Some users are turning to a platform that flips Facebook's business model on its head — that is, they're making money from social media, instead of helping the companies make money off them (and the data they generate).
The largest one in this new guard of platforms is called Minds. Though it actually launched in 2015, Minds' popularity seems to be rising as more people search for viable alternatives to Facebook's data-guzzling digital Eye of Sauron.
"Even before Cambridge Analytica, we learned that Facebook saw their first ever drop of millions of active users, which is a major wake up call," Minds founder Bill Ottman tells Futurism in an email. "Many signals indicate users are fed up and rapidly migrating to open source, encrypted and decentralized social platforms." Minds has about 1 million total users, and 110,000 of them are active each month, Wired reports.
On the surface, Minds seems pretty similar to Facebook and other familiar social networks. There's a feed, which gets populated with posts; other users can comment, upvote, and form groups. But the code that makes it run is totally different. Minds runs on a decentralized network that thrives on users' "contributions" — upvotes, comments or sharing — rather than selling off their data to shady third parties. They're documented in a Bitcoin-esque public ledger; transactions are transparent, like any real-world cryptocurrency. You know who interacted with whom, and who was the original creator of the content.

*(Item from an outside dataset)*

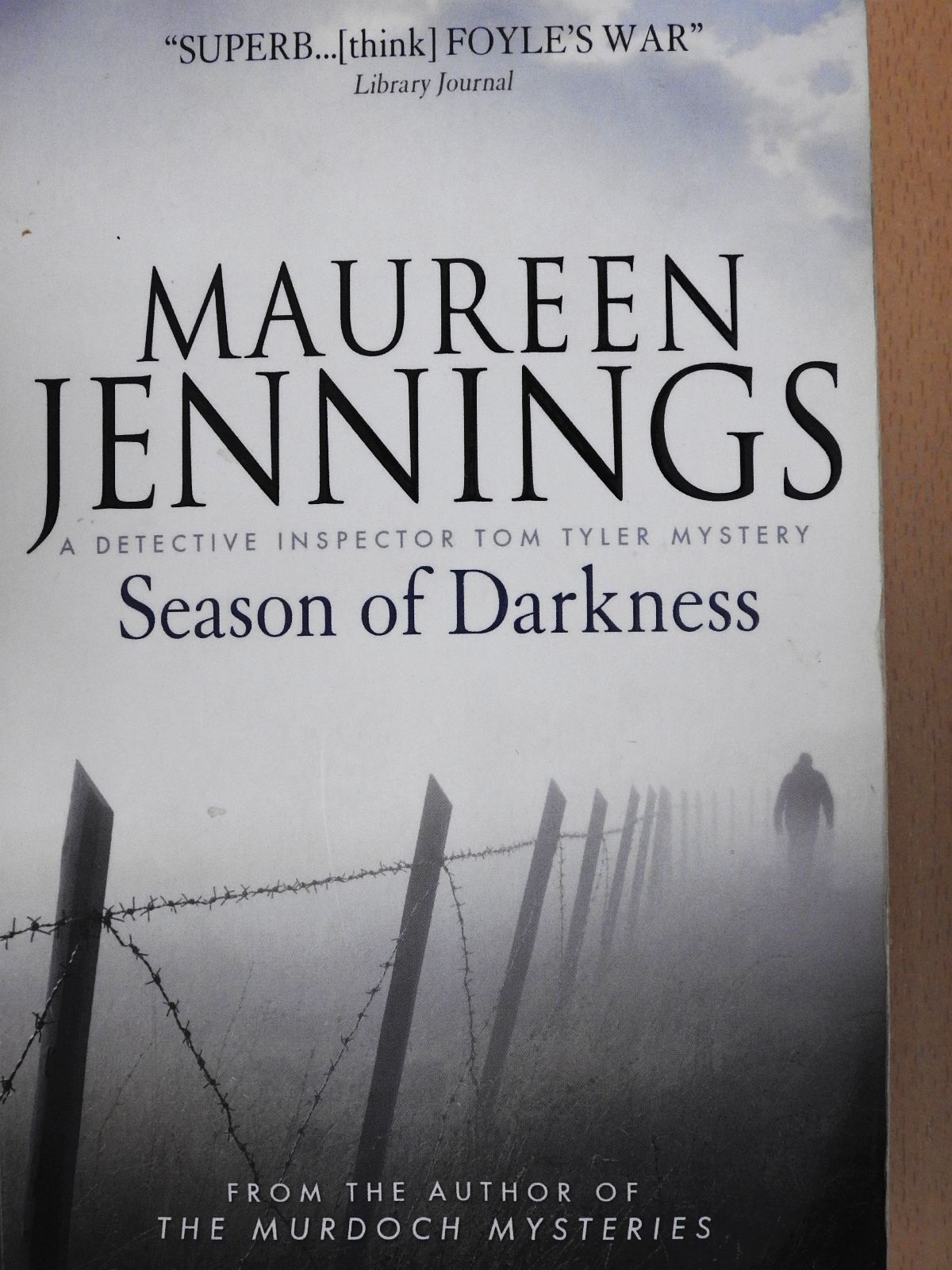Maureen Jennings - Seasons of darkness (aláírt példány) [antikvár]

Minds has created an "autonomous peer-to-peer payment system." Interactions with your content earn you a score; your daily total corresponds to a number of tokens that end up in your wallet. That ensures content creators are rewarded for their efforts, similar to how YouTubers are paid through monetization of their videos.
So if I liked the page of my favorite band on Minds, that band's account would receive a token reward at the end of that day.
Right now, those tokens don’t actually mean anything, they’re Brownie points. But in the future, Minds may convert some of these to a new cryptocurrency, which could someday be worth real-world money.
Despite some good buzz and an uptick of users, it's not super likely that Minds is going to become the next Facebook. It's still pretty niche, and simply lacks the appeal, simplicity, and "hip-factor" of other popular, social media networks already embedded in our lives. When I signed up for it, the only thing I could see was a strange post about the history of the Roman emperor Nero and a bunch of anime avatars. It reminds me a lot of the early days of Google Plus, and we know how that took off.
But the core principle behind the network is powerful. A decentralized social network that directly thrives from users interaction, and supporting each other, sounds a million times better, than "multi-billion dollar company gives your data to malicious third-party entities for profit."
It's also extremely ambitious and idealistic. Its survival depends on the sustained efforts from its users — without a growing community, the system could easily collapse in on itself. And without widespread adoption of cryptocurrencies, it will be pretty much impossible to convince content creators that they have value.
Minds may have a ways to go before it can compete with Facebook, but its momentum is growing. "It's critical to show support by signing up and even just experimenting. Voting with clicks, like voting with dollars," writes Ottman.
And if it's not Minds that makes a real, successful go of the business model in which users are paid for their data, then maybe another company will.
Editor's note (4/24/18 10:00 AM ET): A previous version of this story misstated how creators earn tokens on Minds. We have updated the story, and we apologize for the error.